Susan Boyle es bajita, rechoncha, de aspecto descuidado, tiene cara de patata, papada de obispo, las cejas muy pobladas, el pelo de fregona, juanetes en los pies y coloretes en las mejillas. Con 47 años, casi aparenta 60, pero hay en ella un aire inocente, humilde, que no se sabe muy bien si la hace parecer loca o tierna. Tiene sonrisa de niña y cara de vieja. Susan Boyle vive sola con su gato en un pueblo de Escocia, no ha tenido suerte con los hombres ni con nada, nunca le han dado un beso, jamás ha tenido una cita y no se queja demasiado. Ha perdido su trabajo, dedica su tiempo a ayudar en la parroquia de su barrio, celebra los sábados en una cervecería con karaoke y por las noches regresa siempre con arena limpia para su gato.

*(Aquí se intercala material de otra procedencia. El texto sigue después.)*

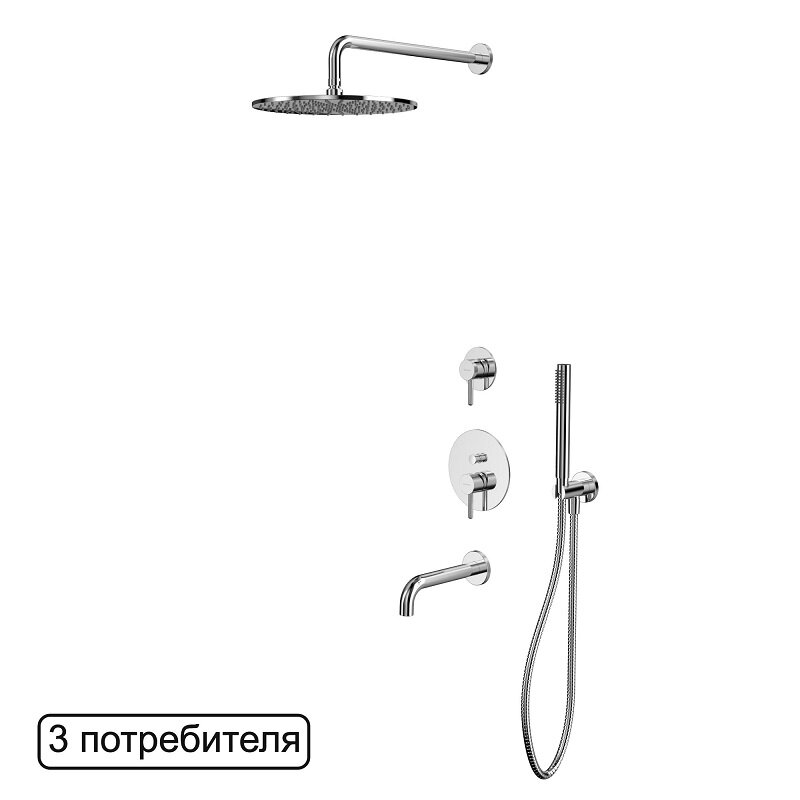 Изображение товара Душевая система Whitecross Y chrome YSET07CR, цвет хром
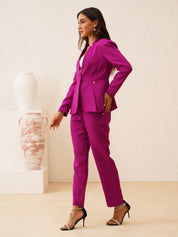 Purple Puff Sleeve Single-Breasted Blazer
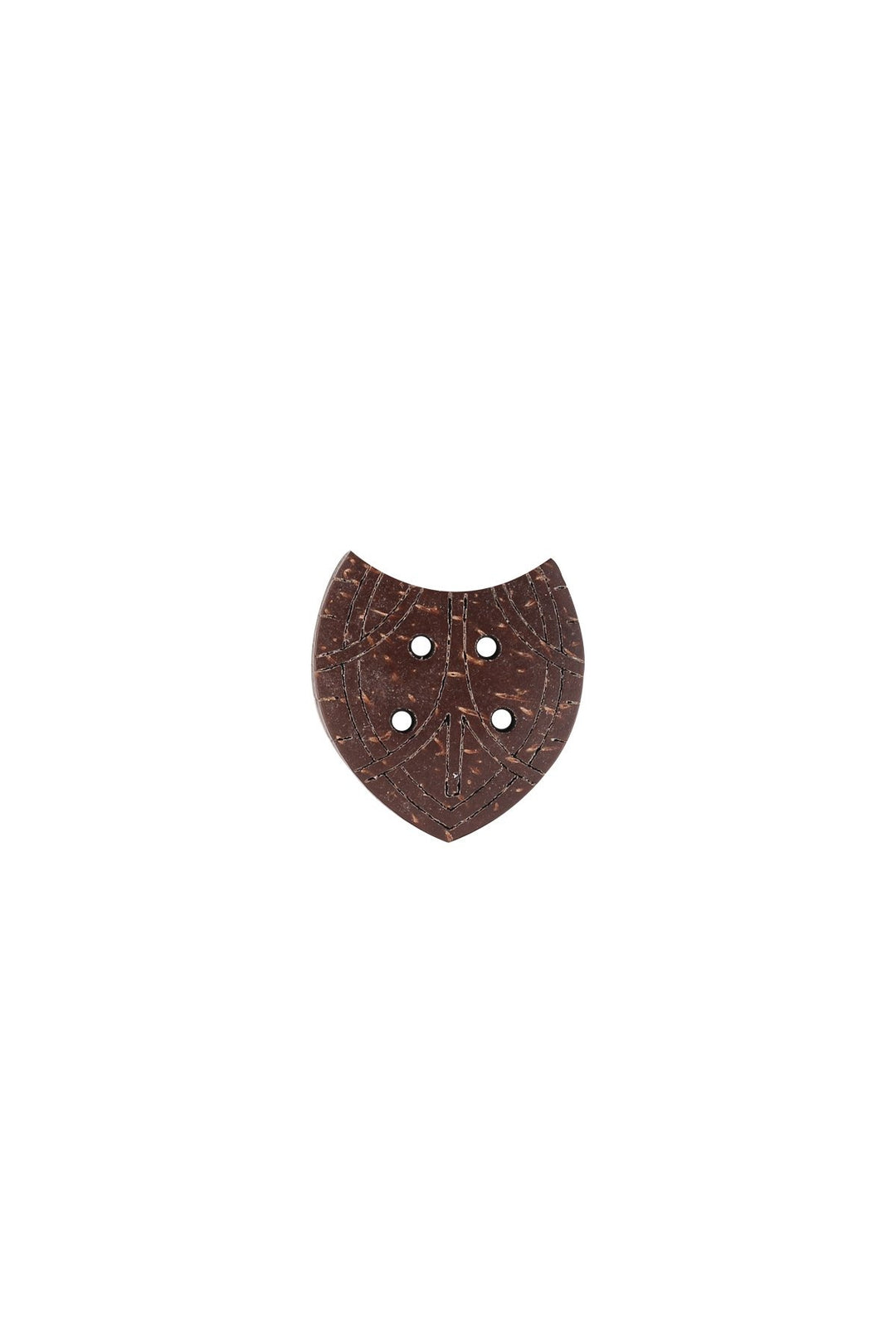 Classic Shield Shape 4-Hole Brown Coco Buttons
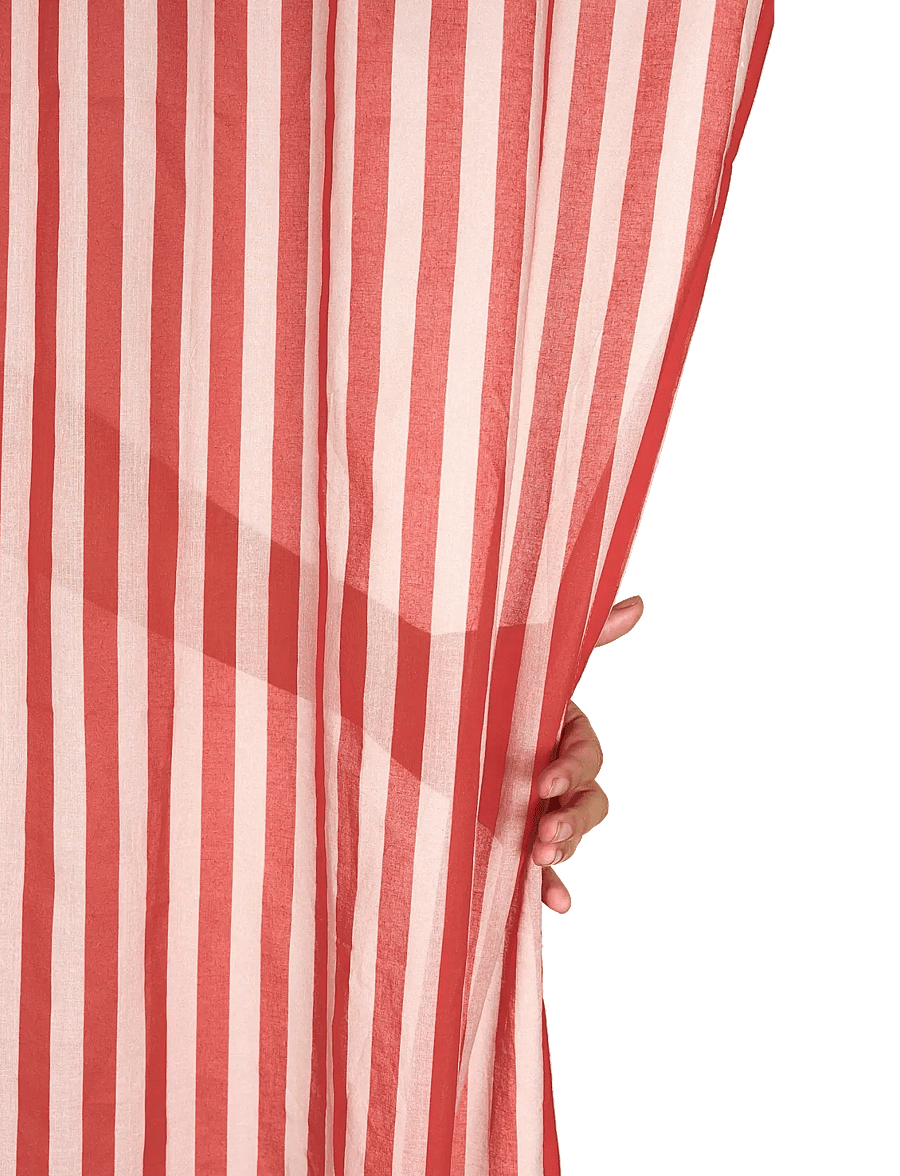 NOBODINOZ - Sheer coton voile curtain Wendy - fertiggardinen - red stripes - 4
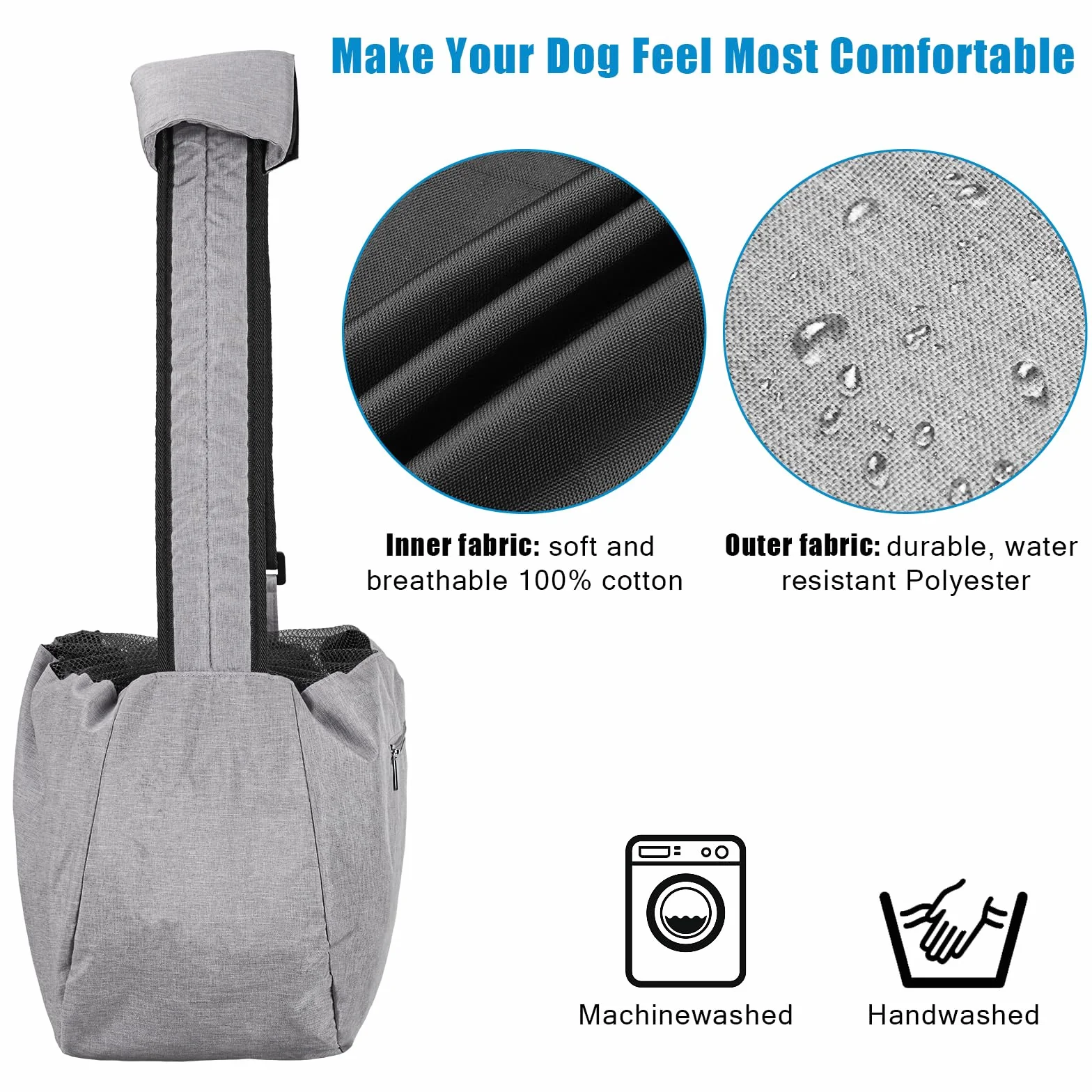 Ownpets Hundetragetasche, Hundetasche bis 11kg, Tragetuch Hund, Hundetasche mit verstellbarem Schultergurt und Fronttasche und Tasche Schulterpolster, 30 cm tief * 46,5 cm breit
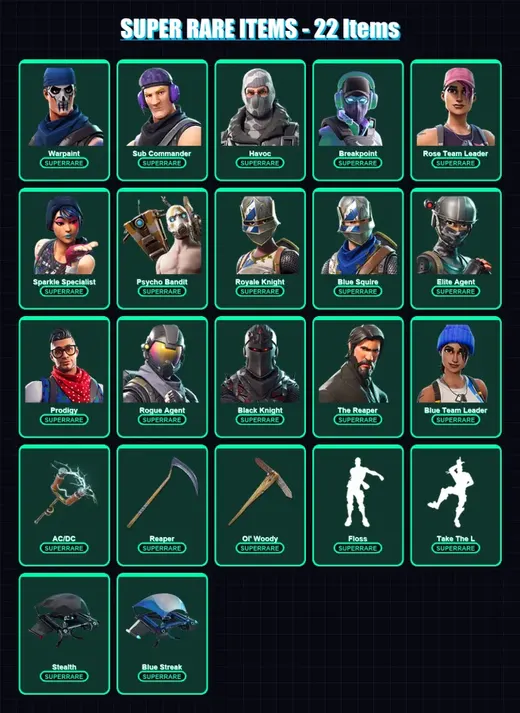 [PC/XBOX/PSN] | Warpaint | Sub Commander | Havoc | Breakpoint | Rose Team Leader | 311 skin | 309 pickaxe | 246 emote | 177 glider | Lv5448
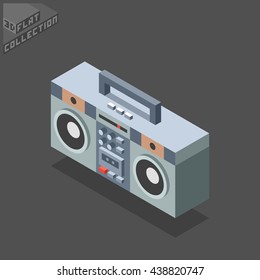 Ghettoblaster. Tape Cassette Player. Musical Equipment. 3D Isometric Low Poly Flat Design. Vector illustration.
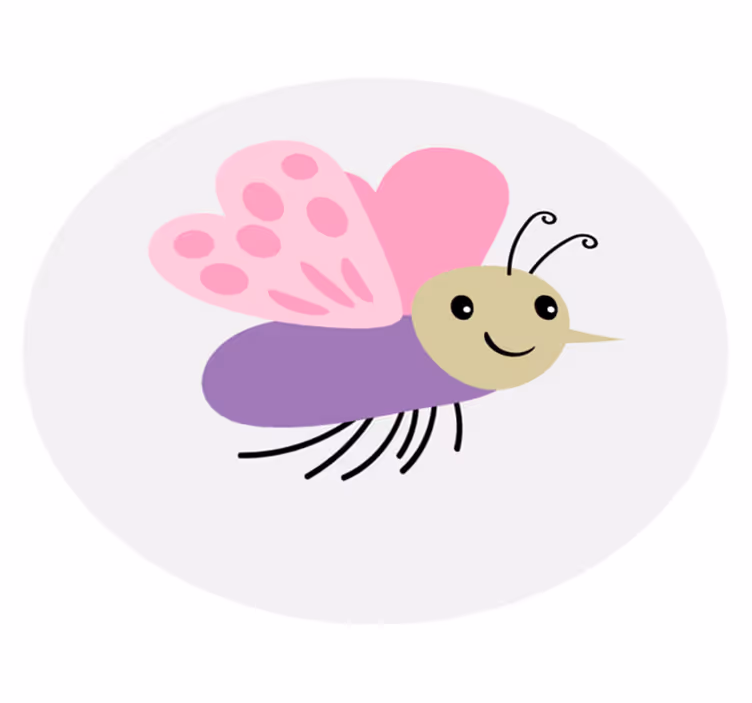 Aranyos pillangó karakter vinil szőnyeg gyerekek - TenStickers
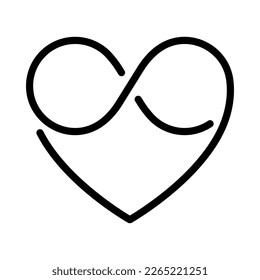 Icono del corazón infinito. Estilo de esquema. Vector. Aislar sobre fondo blanco.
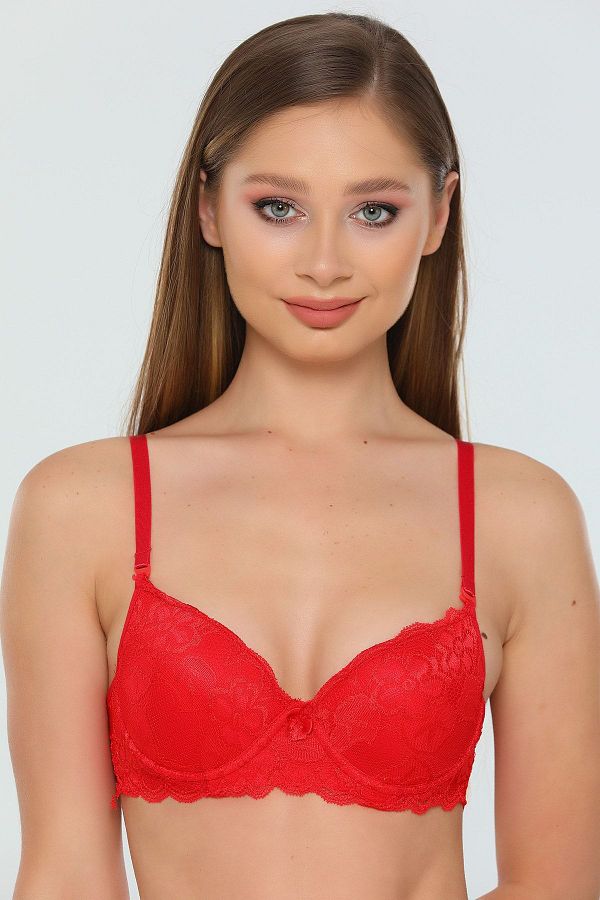 Liza-Unassisted Lace Underwire Red Women's Bra 1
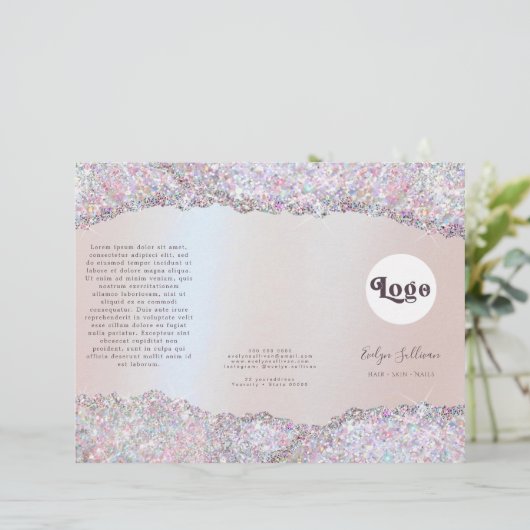 Faux iriserende roze glitter folie brochure (Staand voorkant)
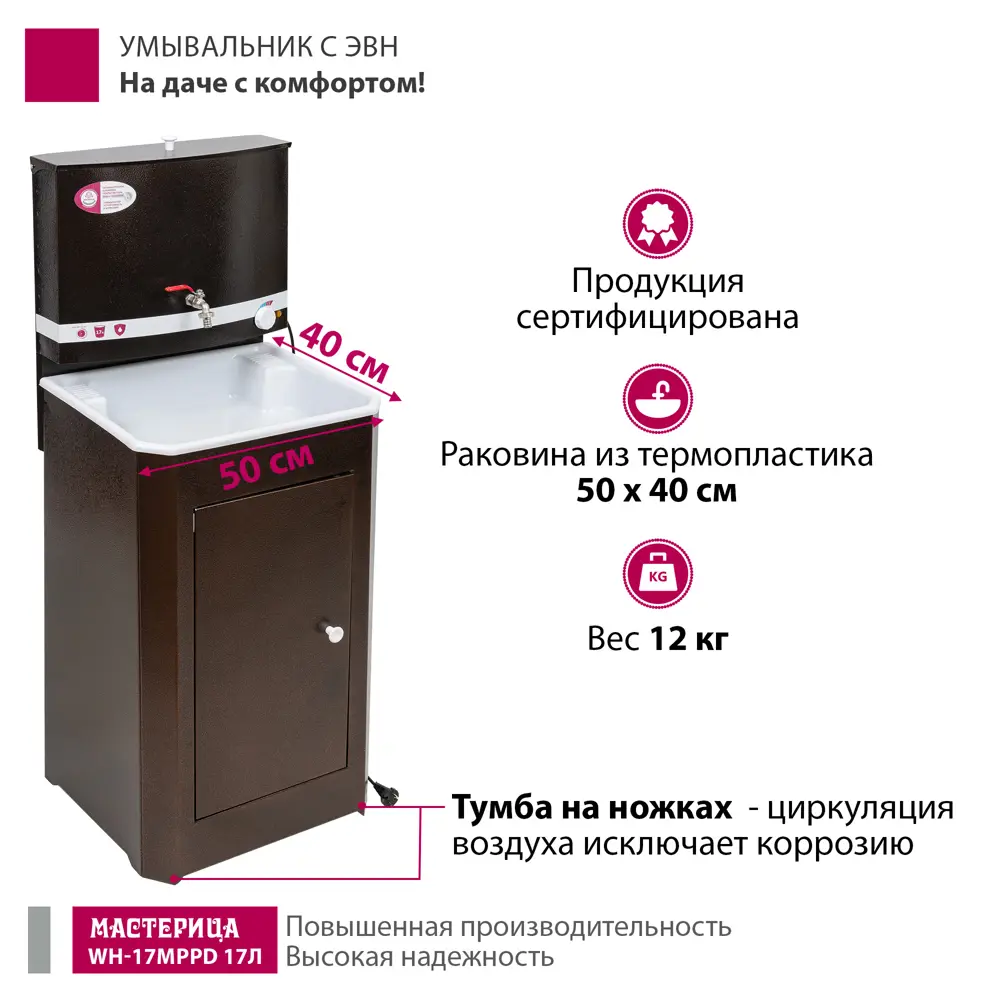 Мастерица — компактный дачный умывальник с подогревом воды 86989640 STLM-0072668 - Вид №12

Susan Boyle un día se compra un vestido y decide ir a la televisión. Se presenta a uno de esos concursos británicos en los que buscan talentos. Sale al escenario sobre sus pequeños tacones torcidos. Tartamudea cuando le preguntan cómo es su pueblo y aguanta las risas del público al decir su edad. Y sin embargo eso no es lo que más les divierte. Se tronchan de risa cuando Boyle confiesa que lo que ella quiere ser es una cantante profesional. Pobre gusano enamorado de una estrella.
Pero cuando Susan empieza a cantar, todo cambia. Allí de pie, ante ellos, aquella mujer de mejillas coloradas y rudos modales despliega una voz hermosa, tan hermosa que nadie entiende. Una voz que no hace enmudecer al público: le hace gritar. Así es de impactante. Boyle está cantando una canción del musical “Los miserables”, basado en el libro que Víctor Hugo dedicó a todos los oprimidos del mundo en cualquier lugar, en cualquier época, por cualquier causa. Susan, sonriendo, alzando sus brazos rechonchos, entona este himno de los desarraigados, de los que esperan que les llueve la suerte como esperan las pulgas conseguir un perro, de los que nacieron sin nada, de los horrorosos, los repudiados, los pobres, los miserables. Canta Susan (voz increíble, aspecto horroroso) sobre ella misma y deja atónito al mundo. Canta Susan Boyle sobre esos gusanos que se arrastran hasta los charcos porque allí, en el agua, por la noche se refleja la estrella que aman.